For most incidents, the first priority of activities is containment. This means stopping the incident from spreading to neighbouring systems or data, and limiting the damage.
Containment generally comprises a number of actions aimed at reducing the immediate exposure, whilst allowing the ability to continue analysis of the incident and plan longer term remediation. Containment activities tend to be fairly ‘quick and dirty’ fixes to the causes of an incident until further information is available.
If the primary objective of the response is to gather intelligence about the attacker’s actions in a covert manner for use elsewhere, containment may be delayed for a window of observation. More normally, containment actions will be conducted rapidly; the higher the urgency of the incident, the more pressing immediate containment actions will be.
In accordance with the ACPO principles above, it is important for incident responders to realise that containment activities may cause a change to ‘evidence’ that may be collected at a later date. With this in mind, any containment actions must be very carefully documented to ensure that these can be accounted for within evidence subsequently obtained.
Examples of ‘quick fix’ containment actions which may be relevant include:
- Disabling compromised accounts and blocking access to these
- Changing credentials thought to be compromised
- Blocking the sources of known malware (such as websites, or malicious email domains)
- Firewalling ports and services under attack
- Re-routing known-malicious traffic to a ‘black hole’
- Isolating systems from other networked devices, either locally or at a network perimeter
Containment strategies will differ depending on the objectives of the response, and the priority of the incident. Regular communications between the members of the incident handling team are vitally important, as will being mindful of the consequences to evidence of actions taken during the containment phase. Where prosecution and legal action are extremely likely, obtaining a forensically-sound image of the evidence will be a high priority before containment activities can commence.
If an active attack is ongoing, many containment options will alert the attacker to the detection of the attack. This may be required in order to minimise the damage caused by the cyber attack, but there is always a risk of an attacker escalating their activities as a result of attempted containment. These risks should be carefully considered.
Following immediate containment actions, the response will move to the eradication phase. During this phase, further deep analysis of the cyber security incident may be undertaken. These activities may include:
- Forensic acquisition of the affected device(s)
- Offline expert analysis of any malware identified
- Live analysis of the compromised systems
- Creating detective signatures for malware and techniques identified in use that may be deployed across the network to identify other affected systems if these exist
- Examining behaviour from available information sources to determine whether the attacker is continuing activities following containment, or escalating activities
Understanding the nature and extent of the cyber security incident is critical for eradication to be successful. An incomplete eradication will allow an adversary to retain access to systems and data. Again, chain of custody and preservation of evidence will be critical for any response exercises where prosecution is likely. Timestamped documentation of all activities, and decisions made, should be kept throughout.

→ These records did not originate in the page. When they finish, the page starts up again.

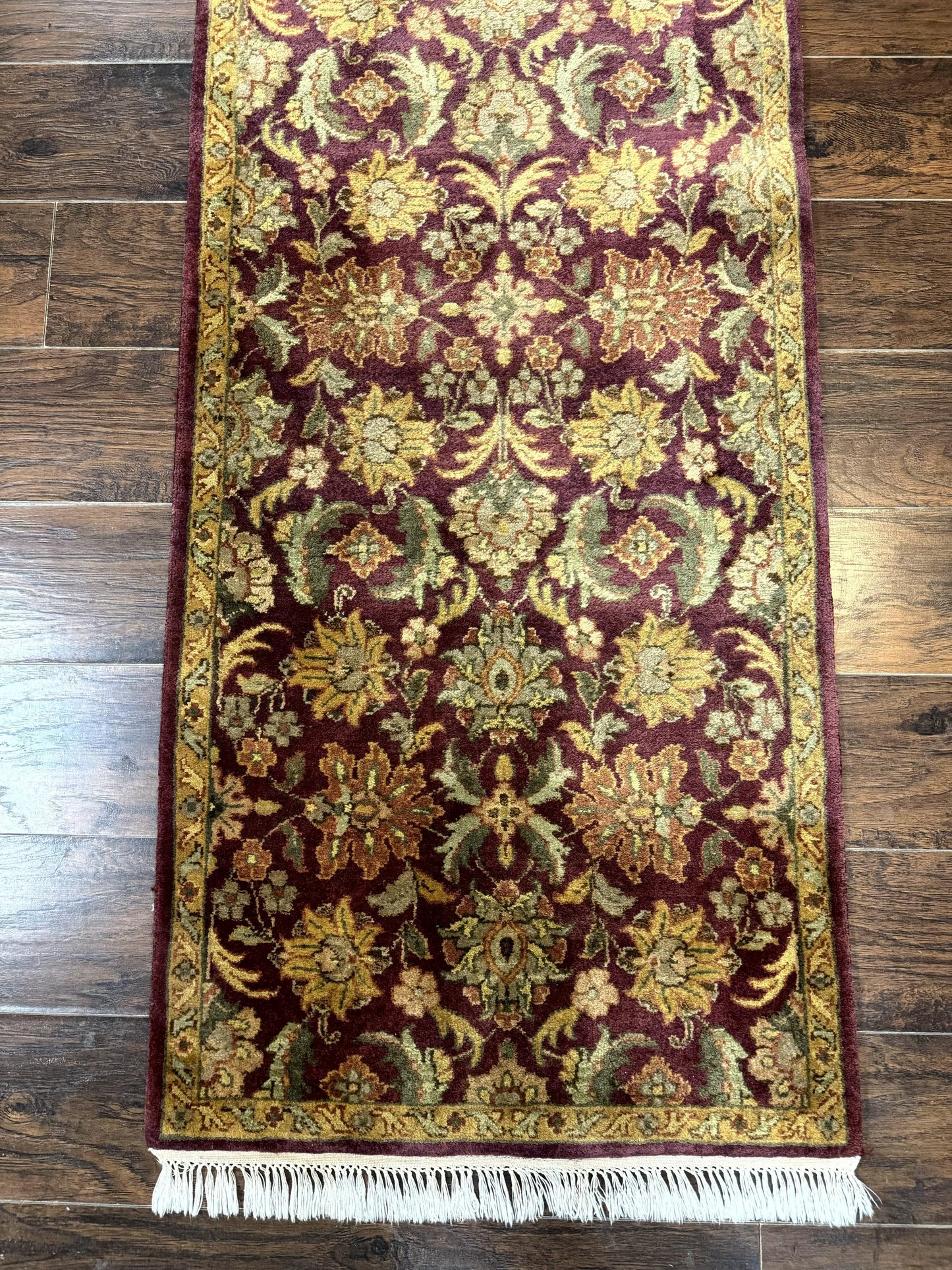 Indian Agra Runner Rug 2.6 x 17.5 Feet Floral Handmade Wool Hallway Runner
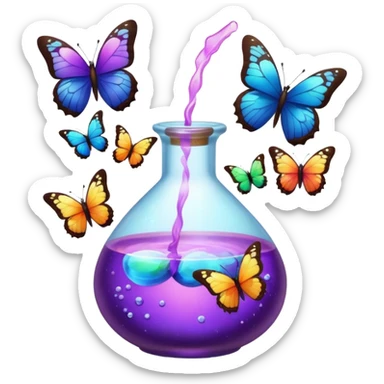 Potion bottle bursting into butterflies mid-sip sticker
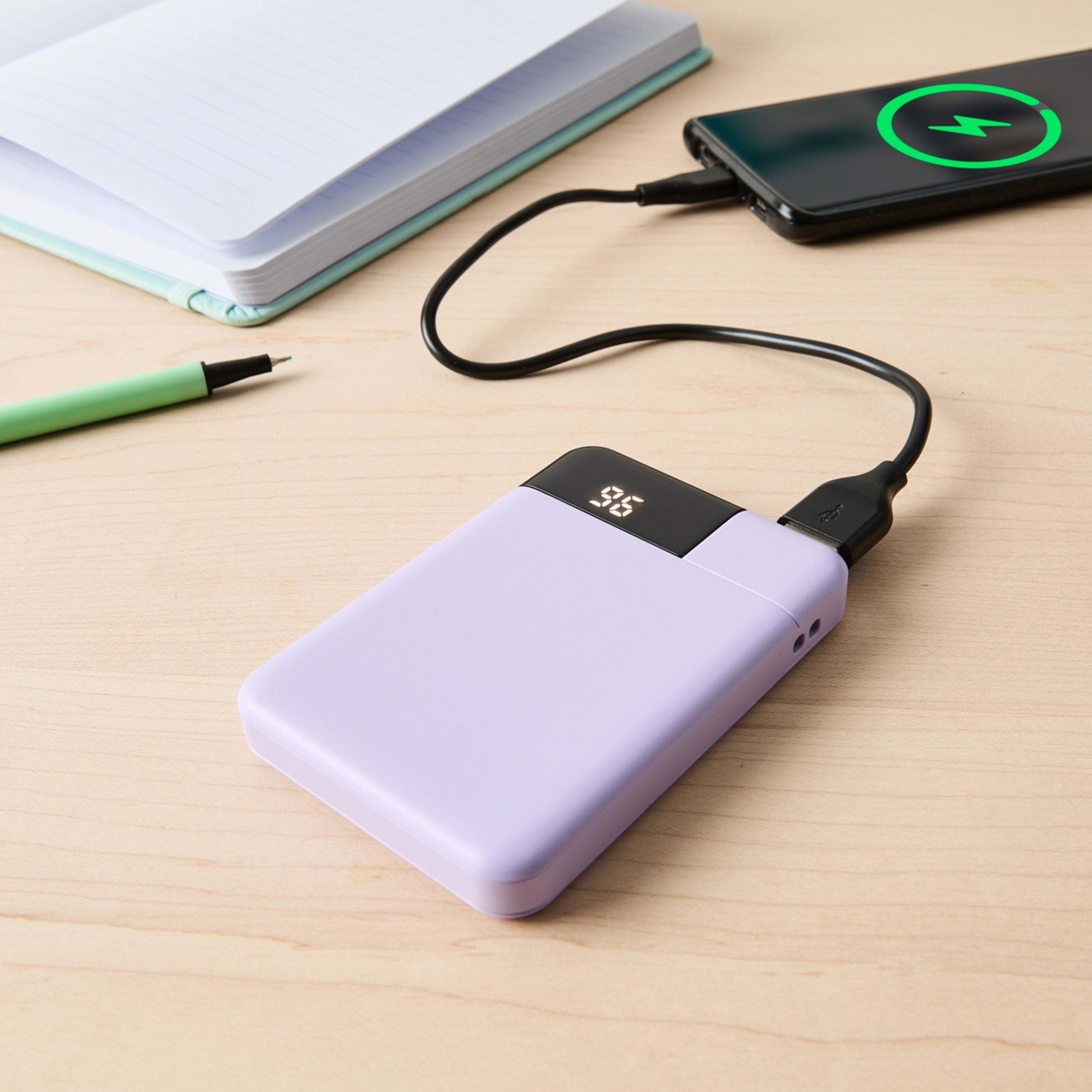 1 USB-A to USB-C 15W 5000mAh Portable Charger - Purple, 1 of 9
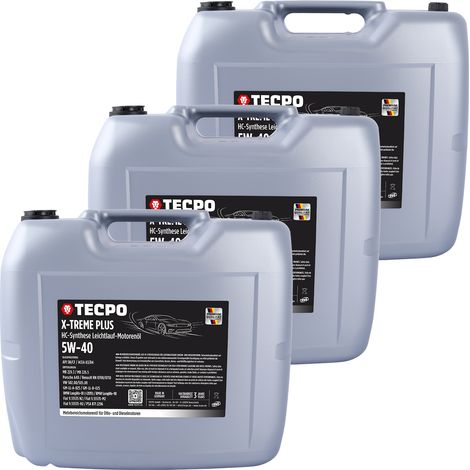 TECPO Motoröl 5W40 Öl X-TREME Plus Öl, 60 Liter 5W-40 Gebinde HC-Synthese für Diesel-und Benzinmotoren entspricht API SN/CF / ACEA A3/B4 / 502/505 / 226.3/226.5 / Longlife 01/98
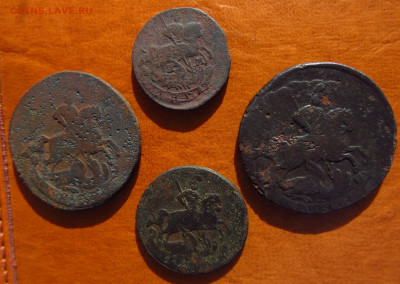 Денга 1771, 1коп 1760 и 2коп 1757,-58 до 28.2 в 22.22. - 5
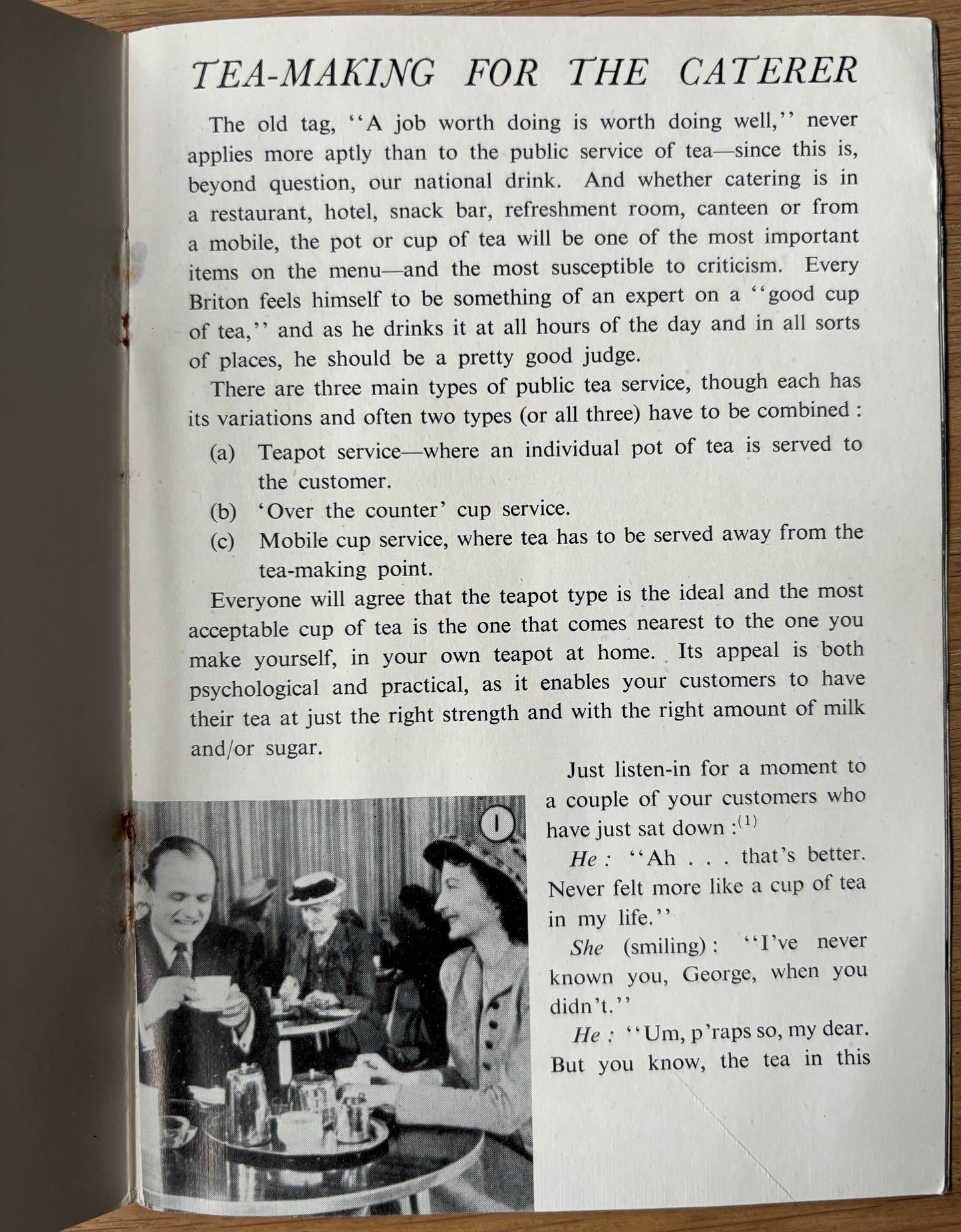 TEA MAKING For The CATERER BOOKLET 1949 Tea Centre - transpontinebooks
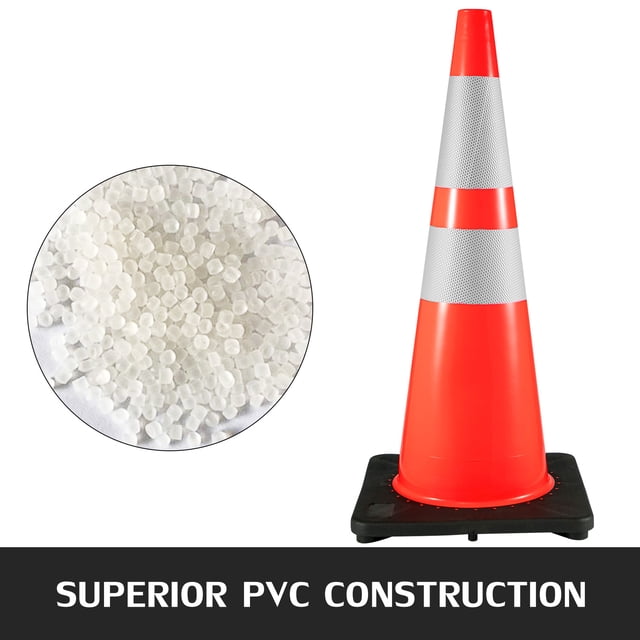 VEVOR Paquete de 6 conos de tráfico de 36 pulgadas, cono de estacionamiento de carretera de seguridad con base negra ponderada, conos de seguridad de tráfico naranja de PVC, conos de peligro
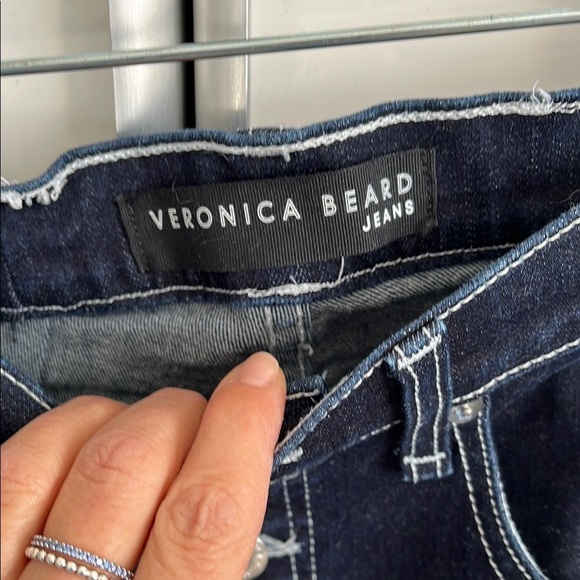 VERONICA BEARD Debbie 10”Skinny Contrast Stitch Dark Denim Jeans, SZ 30 - Picture 7 of 11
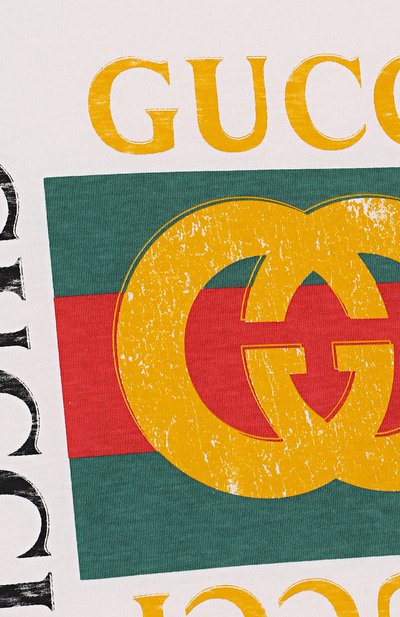 Хлопковая футболка с принтом GUCCI, арт. 475740/X3G17, фото 3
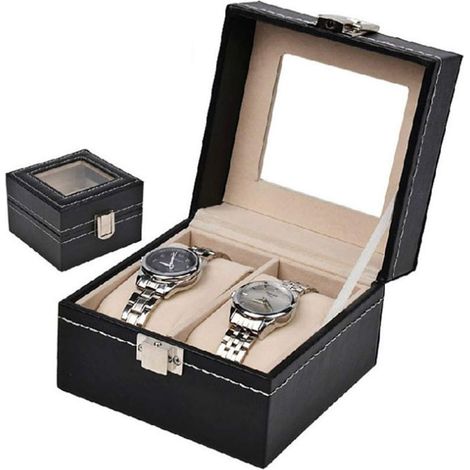 Boîte à montres 2 emplacements, cuir noir, coffret de rangement avec couvercle vitré, organisateur pour montres et bijoux, homme et femme (1/4)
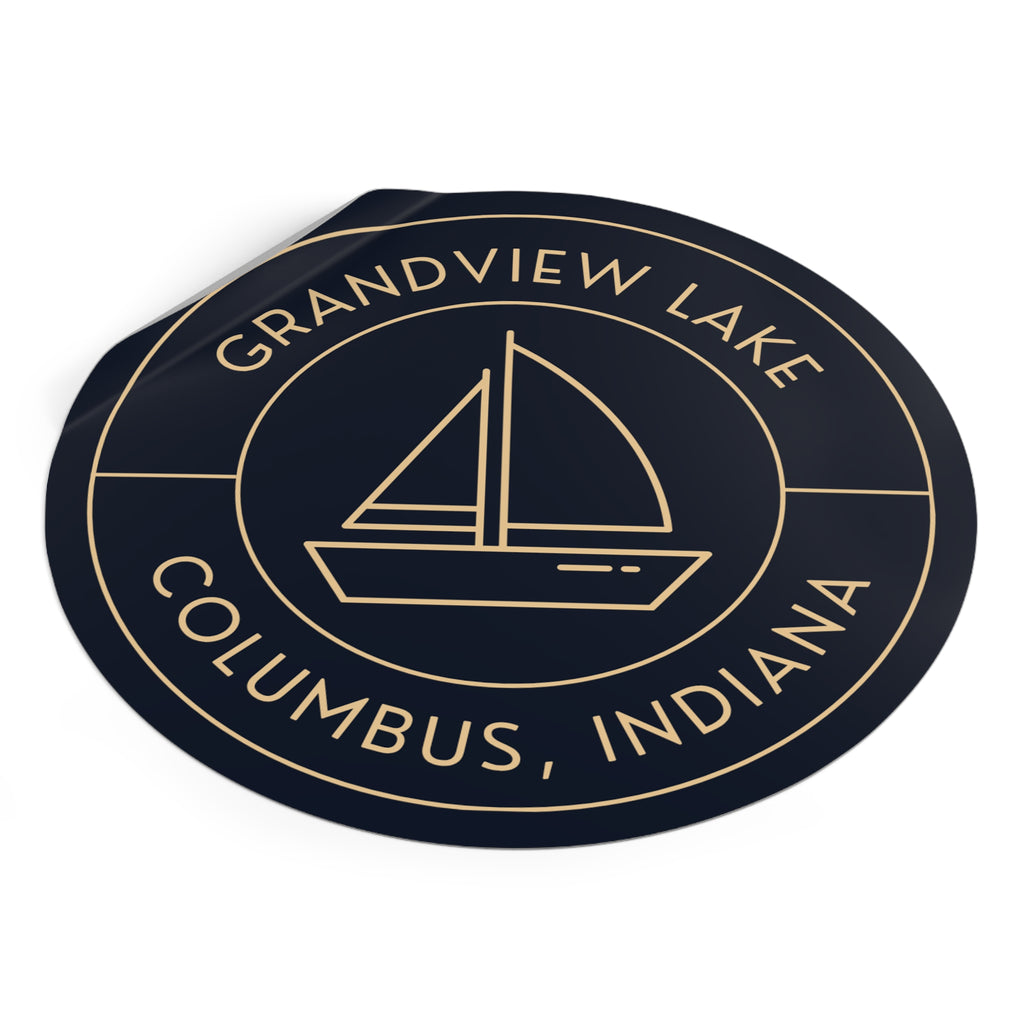 Grandview Lake Columbus Indiana Round Vinyl Sticker – Nautical Sailboat Logo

As analysis progresses, further information about the nature of the attack may become clear. If new compromises are detected as part of this exercise, the priority of the incident should be reviewed, together with containment strategies and the objectives of the response.
For many incidents involving malware, rebuilding of all affected systems from scratch (or restoring from known-good backup) will be required. Where the root cause of the compromise is known, this should be rectified prior to recovery. Once eradication is thought to be complete, the response will move into recovery.
In this phase, systems are restored to normal operations. Temporary containment measures (such as temporary segregation of networks, or re-routing of traffic) may be rolled back to the normal state.
Systems which were affected will have been rebuilt, or restored from a known good backup in an ideal world. Where this has not been possible, residues of the attack will have been removed from the system.
Part of recovery will involve careful monitoring of behaviour and signatures for any signs of further malicious activity surrounding the affected systems or data, or connected areas. After a prolonged period of elevated monitoring, the incident may be considered closed.
It should be noted that when dealing with particularly sophisticated and targeted attacks, there may never be an end to the incident.